ROME, May 26, 2014 (LifeSiteNews.com) – Responding to a high-ranking Italian bishop who distanced himself from those who pray rosaries outside of abortion centers, the head of Priests for Life did not shrink from open criticism.
Responding to the recent remarks by Bishop Nunzio Galantino, the secretary-general of the Italian Bishops Conference, Father Frank Pavone said they underline the critical importance of vigorous pro-life efforts.
“When somebody says that the Church has ‘concentrated too much on abortion and euthanasia,’ I take it as a compliment for the success of ministries like Priests for Life, which have called and will call upon the clergy, and indeed the entire Church, to sound the alarm about these atrocities more loudly and clearly than ever. Nor will we stop calling for that until the killing stops,” Pavone wrote in comments published by Catholic columnist Matt C. Abbott.

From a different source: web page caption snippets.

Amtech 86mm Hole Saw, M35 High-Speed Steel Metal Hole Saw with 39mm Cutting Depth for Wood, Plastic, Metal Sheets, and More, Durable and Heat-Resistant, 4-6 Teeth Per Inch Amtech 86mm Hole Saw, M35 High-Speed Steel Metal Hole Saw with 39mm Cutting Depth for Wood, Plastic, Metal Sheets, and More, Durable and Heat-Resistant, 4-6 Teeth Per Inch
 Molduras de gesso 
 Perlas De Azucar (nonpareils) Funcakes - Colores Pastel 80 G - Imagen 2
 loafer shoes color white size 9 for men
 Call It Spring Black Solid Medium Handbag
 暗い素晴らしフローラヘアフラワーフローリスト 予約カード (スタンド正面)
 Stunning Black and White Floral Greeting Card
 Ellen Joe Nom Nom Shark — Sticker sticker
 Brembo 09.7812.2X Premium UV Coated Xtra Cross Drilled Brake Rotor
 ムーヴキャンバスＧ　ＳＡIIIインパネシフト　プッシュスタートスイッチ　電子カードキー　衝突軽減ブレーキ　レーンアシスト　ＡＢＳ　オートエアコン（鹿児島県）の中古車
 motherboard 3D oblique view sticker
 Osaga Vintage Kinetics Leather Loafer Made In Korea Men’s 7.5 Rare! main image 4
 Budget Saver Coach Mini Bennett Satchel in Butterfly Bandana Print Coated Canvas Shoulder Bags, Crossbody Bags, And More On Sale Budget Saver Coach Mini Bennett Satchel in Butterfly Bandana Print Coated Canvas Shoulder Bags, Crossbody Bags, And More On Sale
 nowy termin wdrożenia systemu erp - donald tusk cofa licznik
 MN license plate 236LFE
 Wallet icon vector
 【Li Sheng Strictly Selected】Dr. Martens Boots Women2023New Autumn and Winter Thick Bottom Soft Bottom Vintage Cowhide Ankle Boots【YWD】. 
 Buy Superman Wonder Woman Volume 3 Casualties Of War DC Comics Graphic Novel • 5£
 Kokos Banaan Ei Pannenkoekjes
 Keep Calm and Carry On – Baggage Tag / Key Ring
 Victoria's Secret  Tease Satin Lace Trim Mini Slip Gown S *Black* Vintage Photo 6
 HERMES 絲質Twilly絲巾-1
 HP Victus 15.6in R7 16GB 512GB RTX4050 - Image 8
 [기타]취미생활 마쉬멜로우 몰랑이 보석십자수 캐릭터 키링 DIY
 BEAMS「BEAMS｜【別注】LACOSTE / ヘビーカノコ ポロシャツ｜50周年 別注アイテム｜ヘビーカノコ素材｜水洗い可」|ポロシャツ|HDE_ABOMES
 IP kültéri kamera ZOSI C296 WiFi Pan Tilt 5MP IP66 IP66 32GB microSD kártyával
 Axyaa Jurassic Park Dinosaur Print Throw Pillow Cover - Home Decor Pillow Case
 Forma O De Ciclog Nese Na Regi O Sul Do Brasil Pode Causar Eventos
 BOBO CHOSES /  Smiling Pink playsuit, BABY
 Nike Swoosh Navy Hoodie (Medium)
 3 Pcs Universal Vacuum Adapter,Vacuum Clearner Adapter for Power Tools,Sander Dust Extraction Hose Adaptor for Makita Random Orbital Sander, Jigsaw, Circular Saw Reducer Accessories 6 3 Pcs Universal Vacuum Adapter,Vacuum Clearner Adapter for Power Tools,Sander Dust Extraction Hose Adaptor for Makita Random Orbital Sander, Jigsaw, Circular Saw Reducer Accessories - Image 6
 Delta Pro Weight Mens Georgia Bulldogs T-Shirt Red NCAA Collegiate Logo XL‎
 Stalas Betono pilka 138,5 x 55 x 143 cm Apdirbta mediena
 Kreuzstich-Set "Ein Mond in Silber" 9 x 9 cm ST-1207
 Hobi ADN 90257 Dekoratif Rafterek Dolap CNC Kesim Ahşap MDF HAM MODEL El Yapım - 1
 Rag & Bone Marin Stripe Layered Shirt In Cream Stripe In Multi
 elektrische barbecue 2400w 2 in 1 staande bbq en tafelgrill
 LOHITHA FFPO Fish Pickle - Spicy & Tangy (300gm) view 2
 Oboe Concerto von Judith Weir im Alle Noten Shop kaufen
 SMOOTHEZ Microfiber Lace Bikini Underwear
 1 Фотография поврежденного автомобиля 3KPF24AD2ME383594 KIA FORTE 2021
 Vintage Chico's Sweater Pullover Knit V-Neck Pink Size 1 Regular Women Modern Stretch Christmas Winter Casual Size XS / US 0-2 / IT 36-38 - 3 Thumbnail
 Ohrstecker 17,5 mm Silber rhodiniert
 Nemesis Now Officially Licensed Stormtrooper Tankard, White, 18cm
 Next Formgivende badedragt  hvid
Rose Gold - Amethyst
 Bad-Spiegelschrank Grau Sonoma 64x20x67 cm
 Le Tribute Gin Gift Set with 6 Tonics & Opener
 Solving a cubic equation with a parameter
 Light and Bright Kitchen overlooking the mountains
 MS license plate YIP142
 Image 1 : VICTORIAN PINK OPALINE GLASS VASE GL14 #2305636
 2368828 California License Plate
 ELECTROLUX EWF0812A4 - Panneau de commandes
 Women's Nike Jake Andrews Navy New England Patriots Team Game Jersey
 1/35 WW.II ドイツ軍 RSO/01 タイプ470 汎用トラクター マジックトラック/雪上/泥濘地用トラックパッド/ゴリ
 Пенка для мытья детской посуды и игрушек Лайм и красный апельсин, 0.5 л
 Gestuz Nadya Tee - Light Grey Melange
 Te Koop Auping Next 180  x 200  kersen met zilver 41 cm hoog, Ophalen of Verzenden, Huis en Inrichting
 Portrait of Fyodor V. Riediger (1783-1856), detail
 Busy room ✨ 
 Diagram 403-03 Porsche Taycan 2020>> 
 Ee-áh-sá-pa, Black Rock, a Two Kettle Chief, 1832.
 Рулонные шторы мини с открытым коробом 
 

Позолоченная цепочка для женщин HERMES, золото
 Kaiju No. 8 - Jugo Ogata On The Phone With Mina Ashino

Bishop Galantino had said: “In the past we have concentrated too much on abortion and euthanasia. It mustn’t be this way because in the middle there’s real life which is constantly changing.”
“I don’t identify with the expressionless person who stands outside the abortion clinic reciting their rosary, but with young people, who are still against this practice, but are instead fighting for quality of life, their health, their right to work,” the bishop added.
Father Pavone’s strongest comments, verified with him by LifeSiteNews, came in response to Bishop Galantino’s call for the church to “listen without any taboo to the arguments in favour of married priests, the Eucharist for the divorced, and homosexuality.”
Pavone said, “I conclude, therefore, that he would not be opposed to open conversation about the scandal of silence in the face of the greatest holocaust the world has ever known – that of abortion.”
“In the annals of history, any failures of the institutional Church in regard to the sex abuse crisis – and those failures are not to be minimized – will nevertheless pale in comparison to the failure to stand up, preach vigorously, and mobilize courageously to end child-killing in the womb,” the priest added.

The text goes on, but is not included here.